Stored items:
+--
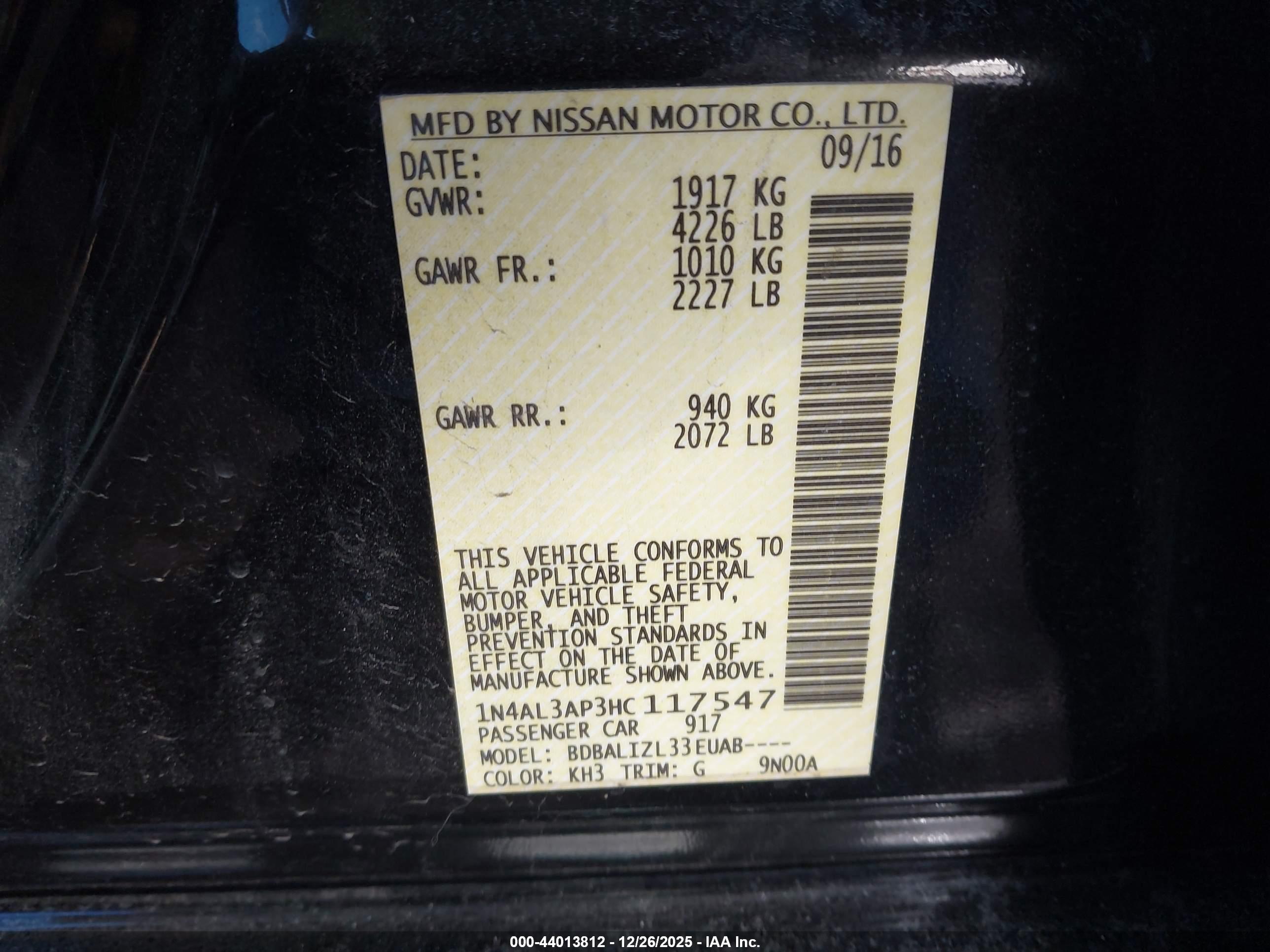 NISSAN ALTIMA image 9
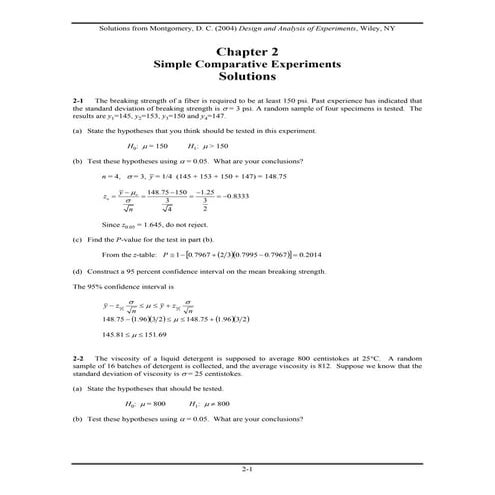Solutions. Design and Analysis of Experiments. Montgomery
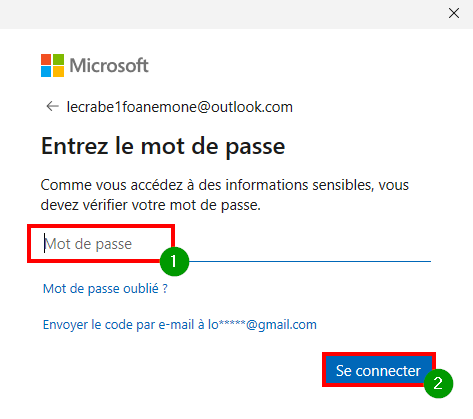 Corriger le téléchargement lent dans le Microsoft Store - Entrer son mot de passe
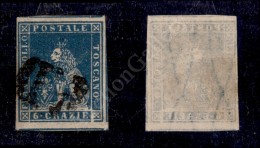 1857 - 6 Crazie Azzurro (15) Con Grandi Margini E Interspazio Di Gruppo In Basso - Molto Bello E Raro (425++) - Sonstige & Ohne Zuordnung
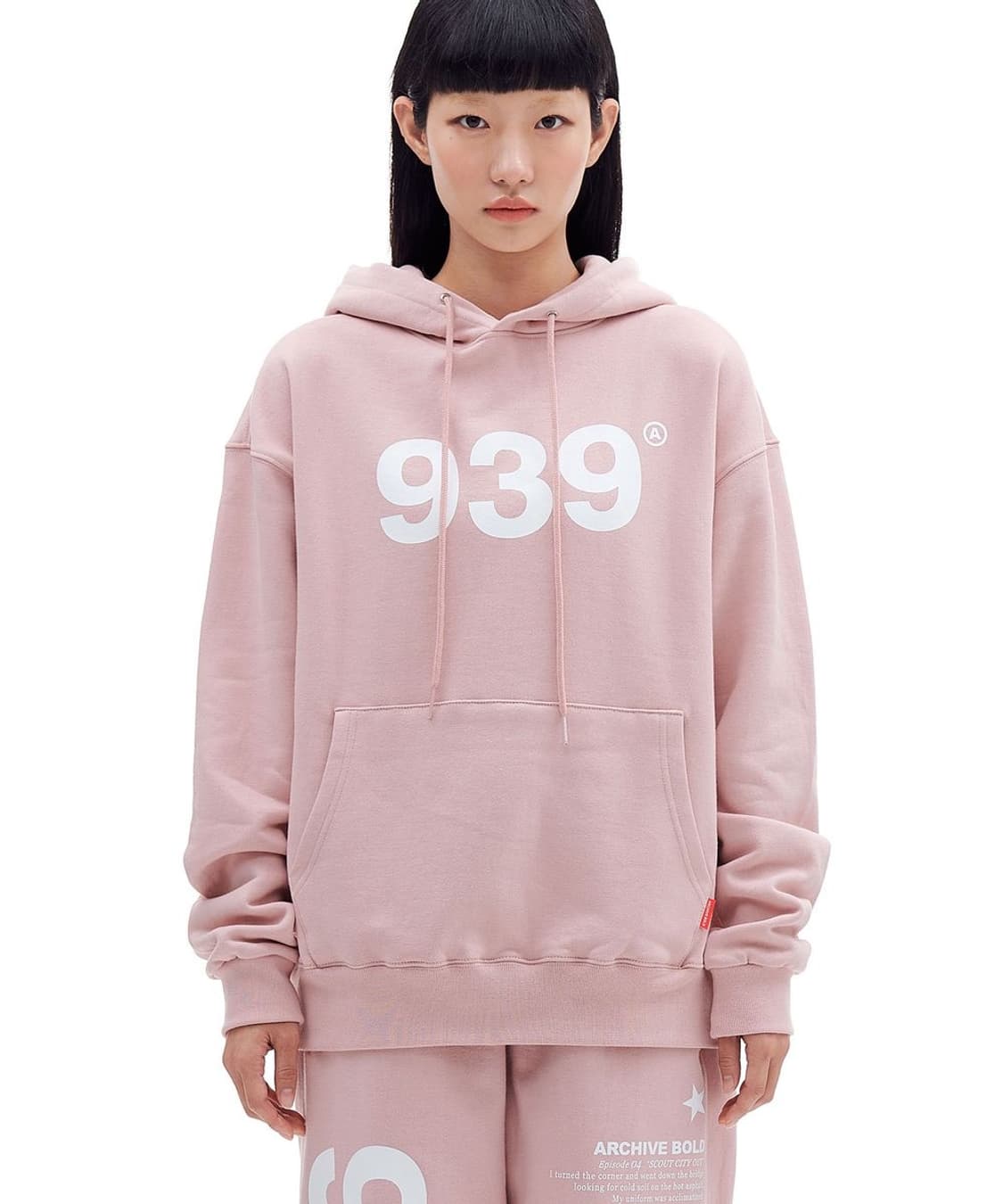 아카이브볼드 939 로고 후드티 핑크 L 상품이미지3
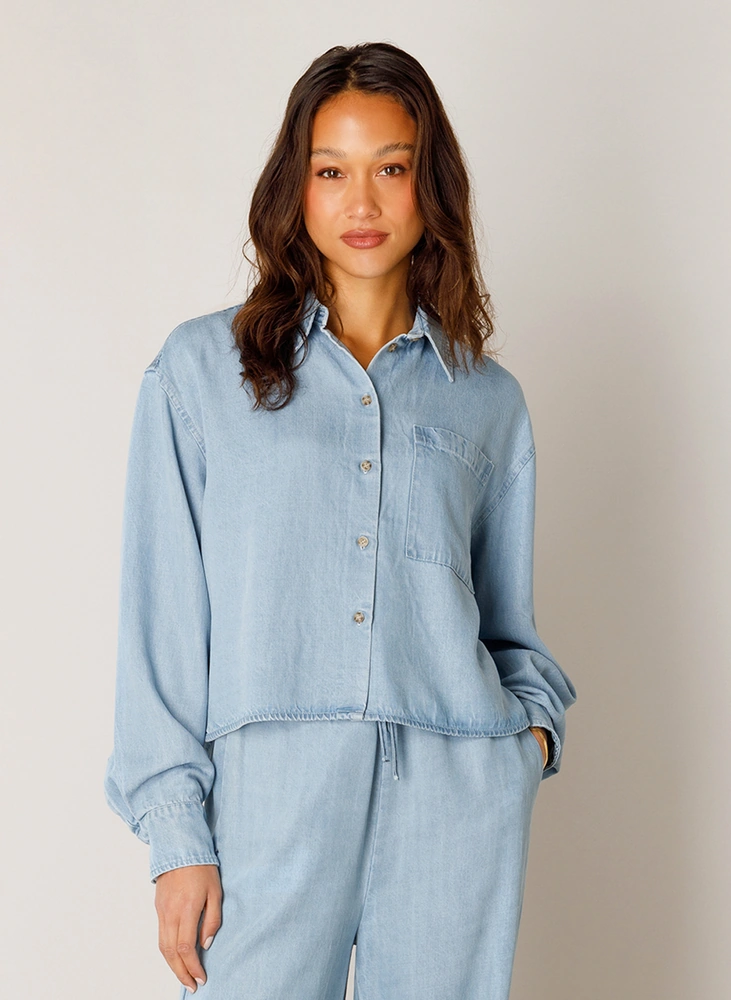 Blouse Bea denim Comfort Fit mid blue Base level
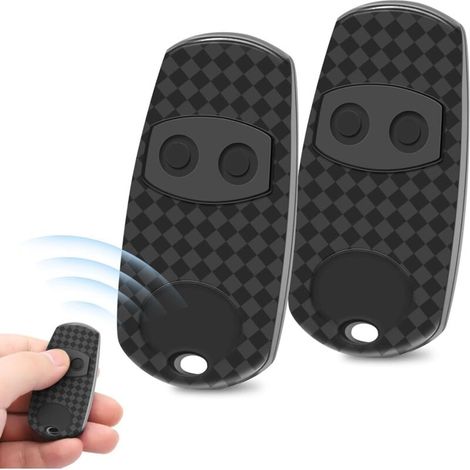 Télécommande Porte - 433 92 Mhz - 2 Canaux - Pour Systèmes Top 432 - Noir - 2 Pièces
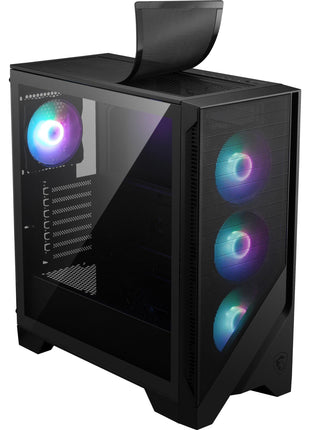 MSI MAG Forge 321R Airflow - Premium Mid-Tower Gaming PC Case - Tempered Glass Side Panel - ARGB 120mm Fans - Liquid Cooling Support up to 360mm Radiator - Vented Front Panel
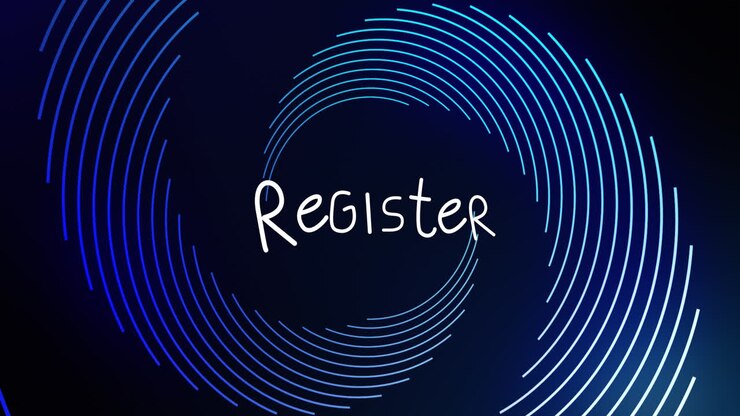 Animación de un banner de texto "regístrate" sobre estelas de luz brillantes y giratorias contra un fondo azul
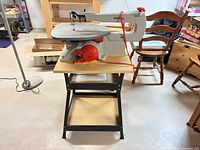 Full view of Ridgid scroll saw on stand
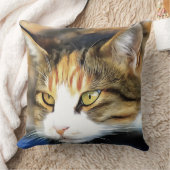 イエローアイドカリコキャットリアリスティックペットポートレート クッション (ブランケット)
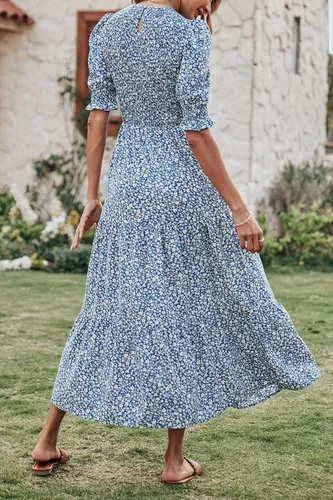 Vista 4 de BTFBM Vestidos para mujer cuello redondo casual de verano con volantes manga corta bohemio con niveles fruncido largo con estampado floral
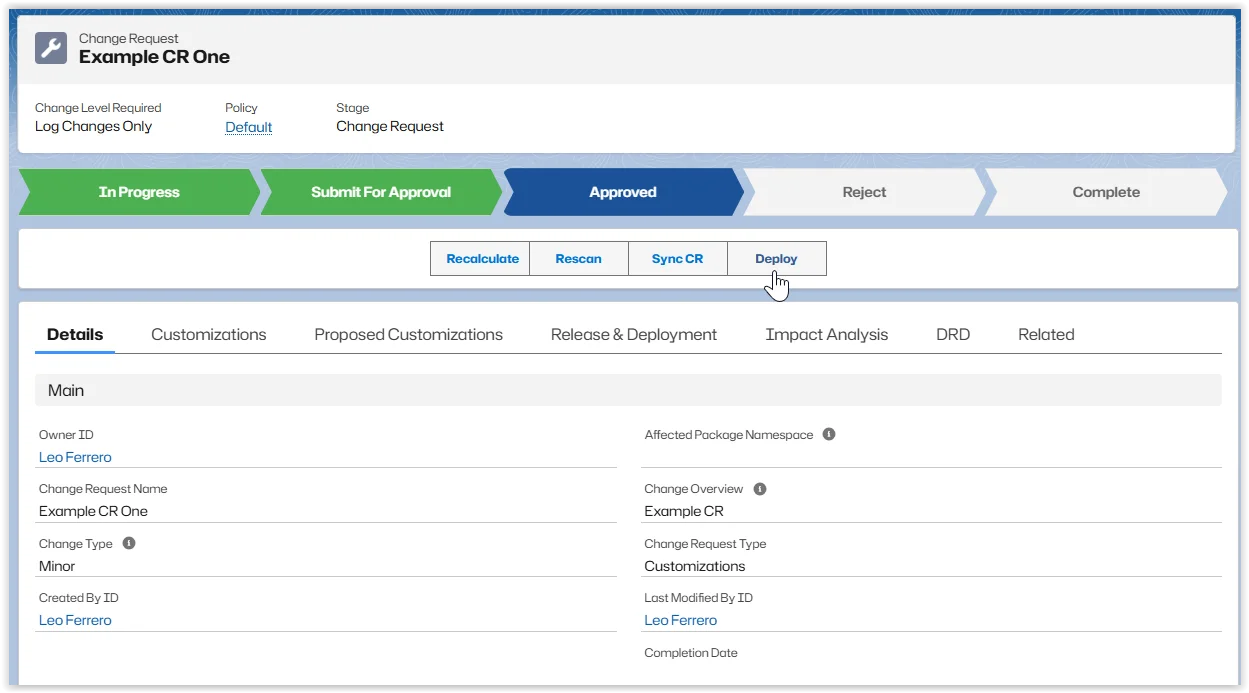 Deploy Button in Tool Bar
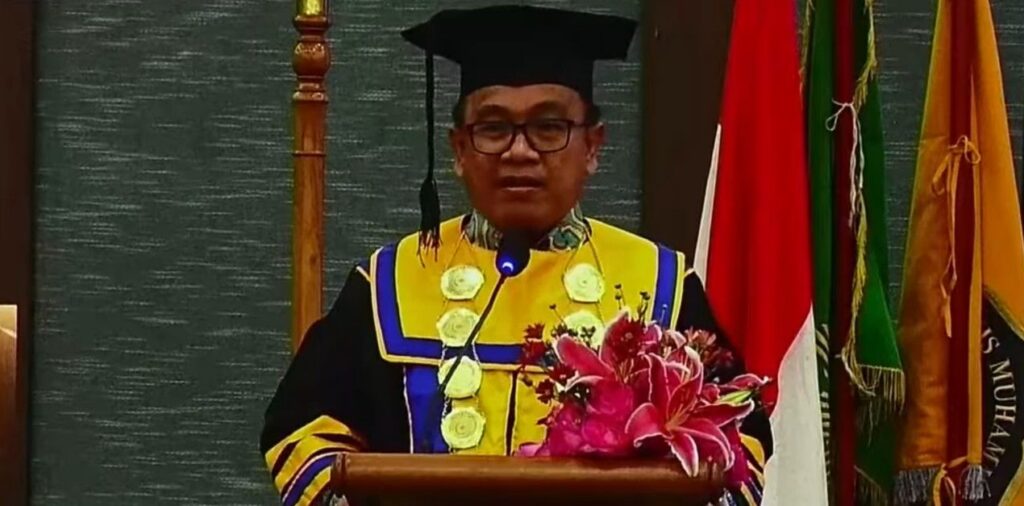 Sambutan Rektor IBM Bekasi, Jaenudin, (30/12/2025).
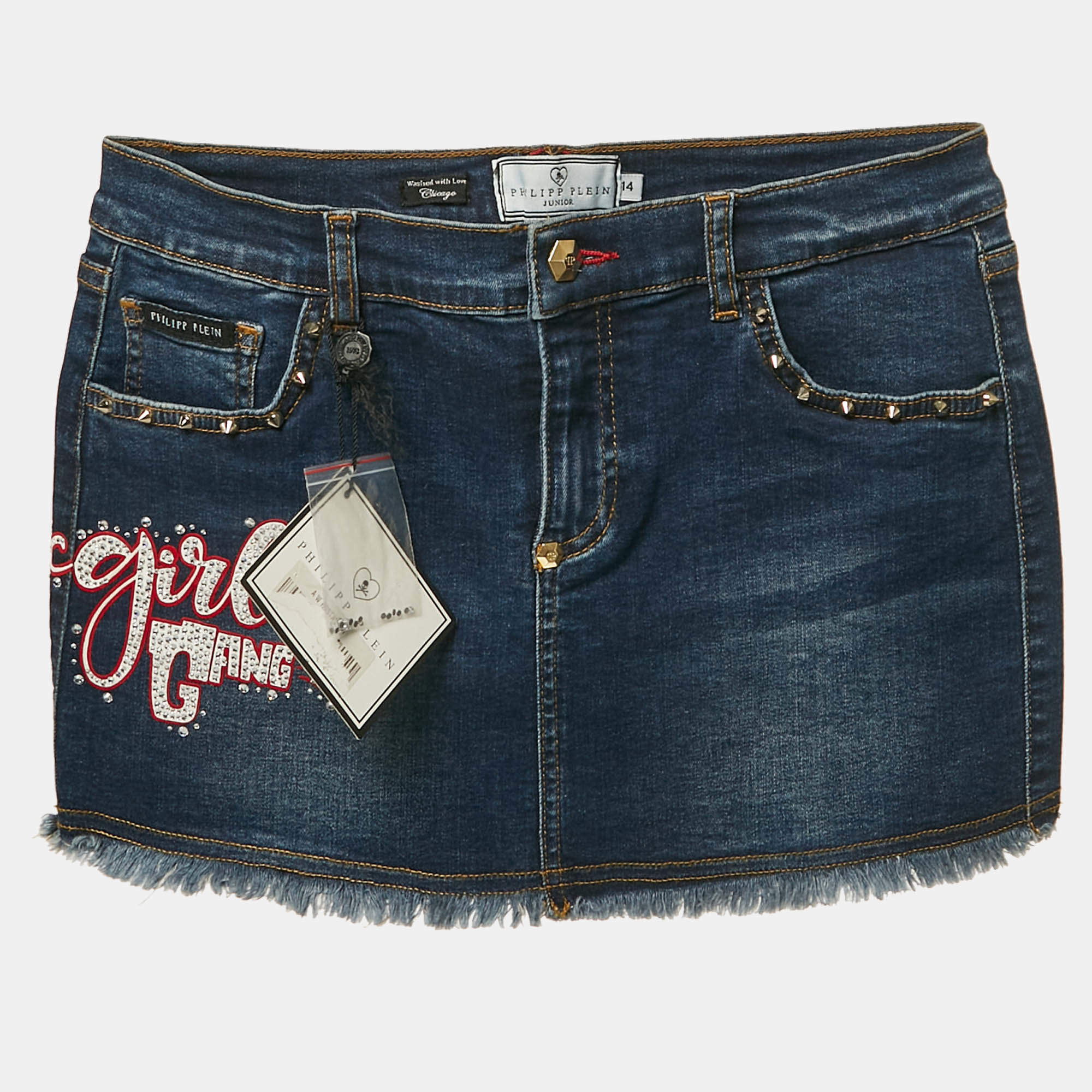 Philipp Plein Blue Studded Denim Raw Edge Skirt 14 Yrs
+--
**Assigned task**
Please return exactly, and only, the lines from the one containing "아카이브볼드 939 로고 후드티 핑크 L 상품이미지3" through the end of the records, with both end lines kept and every picture dropped.

**Answer box**
 아카이브볼드 939 로고 후드티 핑크 L 상품이미지3
 Blouse Bea denim Comfort Fit mid blue Base level
 Télécommande Porte - 433 92 Mhz - 2 Canaux - Pour Systèmes Top 432 - Noir - 2 Pièces
 MSI MAG Forge 321R Airflow - Premium Mid-Tower Gaming PC Case - Tempered Glass Side Panel - ARGB 120mm Fans - Liquid Cooling Support up to 360mm Radiator - Vented Front Panel
 Animación de un banner de texto "regístrate" sobre estelas de luz brillantes y giratorias contra un fondo azul
 Full view of Ridgid scroll saw on stand
 イエローアイドカリコキャットリアリスティックペットポートレート クッション (ブランケット)
 Vista 4 de BTFBM Vestidos para mujer cuello redondo casual de verano con volantes manga corta bohemio con niveles fruncido largo con estampado floral
 Deploy Button in Tool Bar
 Sambutan Rektor IBM Bekasi, Jaenudin, (30/12/2025).
 Philipp Plein Blue Studded Denim Raw Edge Skirt 14 Yrs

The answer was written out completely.